Olins: Recommendations of Fruiterers-sponsored report are not costly to implement

Better marketing and management is needed for the UK top-fruit industry to maintain current numbers

Better marketing and management is needed for the UK top-fruit industry to maintain current numbers

At least one third of the UK top-fruit industry could disappear unless it pays greater attention to its management and marketing.

This was the most damning finding of a report commissioned by the Worshipful Company of Fruiterers. It discovered a three-way split within the industry ñ the top echelon of growers remain profitable, the middle tier could do better and the bottom 30 per cent fall into the endangered category.

Laurence Olins, chairman of the Fruiterers' awards council, said he hoped the report would provide a “roadmap to better business”, adding: “The question we [the Fruiterers] asked was why some growers prosper in different environments while others do not.”

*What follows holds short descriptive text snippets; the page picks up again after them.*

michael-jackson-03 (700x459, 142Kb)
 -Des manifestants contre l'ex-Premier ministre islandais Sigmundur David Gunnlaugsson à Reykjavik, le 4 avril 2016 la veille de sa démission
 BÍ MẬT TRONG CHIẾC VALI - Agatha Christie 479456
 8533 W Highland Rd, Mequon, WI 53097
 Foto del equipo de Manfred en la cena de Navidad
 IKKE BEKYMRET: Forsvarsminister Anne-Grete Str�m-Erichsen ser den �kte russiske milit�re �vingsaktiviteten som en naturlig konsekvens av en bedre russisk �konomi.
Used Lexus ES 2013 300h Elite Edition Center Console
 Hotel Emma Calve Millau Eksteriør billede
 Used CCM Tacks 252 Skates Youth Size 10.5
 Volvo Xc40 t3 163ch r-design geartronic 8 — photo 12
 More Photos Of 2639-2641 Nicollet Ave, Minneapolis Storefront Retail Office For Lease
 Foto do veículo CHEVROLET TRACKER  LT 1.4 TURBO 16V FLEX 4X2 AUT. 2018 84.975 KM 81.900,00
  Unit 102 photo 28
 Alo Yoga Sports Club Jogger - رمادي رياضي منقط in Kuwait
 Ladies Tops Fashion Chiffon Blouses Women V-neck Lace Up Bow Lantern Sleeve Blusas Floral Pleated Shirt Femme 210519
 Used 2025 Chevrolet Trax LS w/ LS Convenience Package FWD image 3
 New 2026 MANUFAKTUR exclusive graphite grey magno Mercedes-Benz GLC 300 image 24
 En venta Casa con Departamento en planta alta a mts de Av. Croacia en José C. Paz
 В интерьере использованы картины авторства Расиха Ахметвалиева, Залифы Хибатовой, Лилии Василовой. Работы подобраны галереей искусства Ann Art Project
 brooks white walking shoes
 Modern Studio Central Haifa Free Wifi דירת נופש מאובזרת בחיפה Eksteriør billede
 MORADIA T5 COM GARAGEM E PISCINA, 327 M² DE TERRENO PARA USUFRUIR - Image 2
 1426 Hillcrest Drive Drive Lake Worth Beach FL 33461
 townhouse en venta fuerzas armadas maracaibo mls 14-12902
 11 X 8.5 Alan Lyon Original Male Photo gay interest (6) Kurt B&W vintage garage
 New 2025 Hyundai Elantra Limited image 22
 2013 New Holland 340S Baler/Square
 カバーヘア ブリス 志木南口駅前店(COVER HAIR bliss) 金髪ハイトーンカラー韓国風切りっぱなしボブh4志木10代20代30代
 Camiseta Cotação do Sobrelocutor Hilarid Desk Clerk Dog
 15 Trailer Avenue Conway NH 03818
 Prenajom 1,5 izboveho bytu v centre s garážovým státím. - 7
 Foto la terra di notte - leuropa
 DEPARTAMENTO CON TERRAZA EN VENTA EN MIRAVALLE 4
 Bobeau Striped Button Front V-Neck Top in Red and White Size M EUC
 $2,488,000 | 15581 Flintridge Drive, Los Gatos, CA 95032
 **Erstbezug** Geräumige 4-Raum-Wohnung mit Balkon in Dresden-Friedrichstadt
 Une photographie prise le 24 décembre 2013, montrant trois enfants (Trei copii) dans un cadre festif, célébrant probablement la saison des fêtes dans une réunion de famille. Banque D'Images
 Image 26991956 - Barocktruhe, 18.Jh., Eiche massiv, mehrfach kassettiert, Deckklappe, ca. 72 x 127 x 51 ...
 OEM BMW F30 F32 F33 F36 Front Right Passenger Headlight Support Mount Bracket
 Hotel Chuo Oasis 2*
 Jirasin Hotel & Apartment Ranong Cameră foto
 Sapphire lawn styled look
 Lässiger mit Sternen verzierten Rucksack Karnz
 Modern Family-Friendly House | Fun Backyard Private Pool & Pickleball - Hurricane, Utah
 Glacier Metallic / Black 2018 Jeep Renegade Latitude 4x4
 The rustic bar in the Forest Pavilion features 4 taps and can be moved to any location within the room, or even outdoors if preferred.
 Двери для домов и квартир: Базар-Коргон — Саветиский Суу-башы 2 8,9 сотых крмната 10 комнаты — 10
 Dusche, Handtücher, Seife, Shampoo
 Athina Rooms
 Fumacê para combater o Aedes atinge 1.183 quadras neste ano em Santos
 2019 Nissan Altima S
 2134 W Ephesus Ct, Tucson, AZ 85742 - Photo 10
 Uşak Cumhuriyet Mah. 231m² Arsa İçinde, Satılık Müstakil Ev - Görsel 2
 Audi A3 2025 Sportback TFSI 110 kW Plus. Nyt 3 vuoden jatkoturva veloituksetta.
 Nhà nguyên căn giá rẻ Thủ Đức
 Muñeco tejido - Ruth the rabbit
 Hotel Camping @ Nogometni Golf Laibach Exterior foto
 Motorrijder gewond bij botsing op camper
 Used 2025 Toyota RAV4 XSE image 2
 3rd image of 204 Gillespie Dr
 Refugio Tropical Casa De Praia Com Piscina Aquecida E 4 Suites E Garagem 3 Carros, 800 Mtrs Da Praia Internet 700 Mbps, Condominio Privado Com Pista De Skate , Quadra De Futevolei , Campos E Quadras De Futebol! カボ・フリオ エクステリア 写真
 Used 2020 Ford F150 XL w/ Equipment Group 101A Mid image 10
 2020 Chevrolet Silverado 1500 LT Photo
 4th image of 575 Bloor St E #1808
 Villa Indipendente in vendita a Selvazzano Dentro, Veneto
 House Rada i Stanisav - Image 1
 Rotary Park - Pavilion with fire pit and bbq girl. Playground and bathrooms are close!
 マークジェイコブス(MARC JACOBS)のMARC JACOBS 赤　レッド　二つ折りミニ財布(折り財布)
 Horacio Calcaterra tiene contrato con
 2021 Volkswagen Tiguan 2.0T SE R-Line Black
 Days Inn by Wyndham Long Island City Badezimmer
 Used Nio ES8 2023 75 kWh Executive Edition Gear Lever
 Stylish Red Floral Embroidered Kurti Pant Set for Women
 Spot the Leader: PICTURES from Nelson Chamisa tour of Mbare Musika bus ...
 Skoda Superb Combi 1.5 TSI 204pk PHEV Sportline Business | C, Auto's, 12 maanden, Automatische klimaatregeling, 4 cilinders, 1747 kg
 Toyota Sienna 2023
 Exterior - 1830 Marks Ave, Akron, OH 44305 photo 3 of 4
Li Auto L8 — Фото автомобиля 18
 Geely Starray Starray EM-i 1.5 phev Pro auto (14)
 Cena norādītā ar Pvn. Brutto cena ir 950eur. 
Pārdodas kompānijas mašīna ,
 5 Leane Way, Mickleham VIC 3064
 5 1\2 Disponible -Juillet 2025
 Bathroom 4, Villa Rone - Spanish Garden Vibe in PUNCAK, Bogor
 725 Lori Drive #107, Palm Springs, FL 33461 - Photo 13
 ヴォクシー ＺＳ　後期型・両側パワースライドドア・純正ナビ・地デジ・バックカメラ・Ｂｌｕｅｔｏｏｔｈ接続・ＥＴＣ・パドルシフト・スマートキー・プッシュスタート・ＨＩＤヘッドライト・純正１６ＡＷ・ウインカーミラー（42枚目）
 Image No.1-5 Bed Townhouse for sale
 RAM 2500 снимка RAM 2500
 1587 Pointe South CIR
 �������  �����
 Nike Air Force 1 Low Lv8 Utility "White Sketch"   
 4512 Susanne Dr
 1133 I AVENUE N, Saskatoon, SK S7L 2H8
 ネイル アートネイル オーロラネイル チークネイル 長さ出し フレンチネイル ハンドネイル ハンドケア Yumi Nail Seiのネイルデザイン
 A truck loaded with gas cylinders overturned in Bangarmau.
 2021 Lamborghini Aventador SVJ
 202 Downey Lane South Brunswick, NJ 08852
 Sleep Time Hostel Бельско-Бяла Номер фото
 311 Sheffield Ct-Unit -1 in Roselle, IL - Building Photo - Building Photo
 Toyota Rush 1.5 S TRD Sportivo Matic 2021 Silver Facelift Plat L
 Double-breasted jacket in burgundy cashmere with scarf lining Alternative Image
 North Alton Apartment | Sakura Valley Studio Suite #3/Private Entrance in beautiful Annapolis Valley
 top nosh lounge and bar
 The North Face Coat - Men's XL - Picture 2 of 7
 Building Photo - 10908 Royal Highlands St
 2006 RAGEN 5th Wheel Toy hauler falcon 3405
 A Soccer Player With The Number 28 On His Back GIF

Dessert apple acreage has dropped by 50 per cent in the last decade, the country's combined culinary apple orchard is 30 per cent smaller and pear area has dropped by 27 per cent, The Fruiterers' blueprint aims to analyse specific issues relating to a shrinking top-fruit industry, with a view to improving both volume and profitability.

The author, Violetta Vitanova-Zlatareva of the Sir John Cass Business School, City of London University, interviewed 26 growers in Kent and East Anglia and found that those which were still profitable were often not just professionally managed, but also planned ahead both in the short and long term with co-ordinated marketing, direct supplier relationships and efficient replanting programmes.

One of the most telling discoveries was that some growers' grade outs varied between 50 and 80 per cent, yet there was a general failure to accurately monitor orchard performance.

The report suggests that the bottom tier of underperforming top-fruit companies should either sell their businesses with existing orchards, lease their orchards or consider shared farming. If they do not want to give up, it concluded, they should hire professional management.

The recommendations of the report would not prove costly to implement, said Olins. It merely requires a “change of attitude” that would see the industry “stand up and be counted”.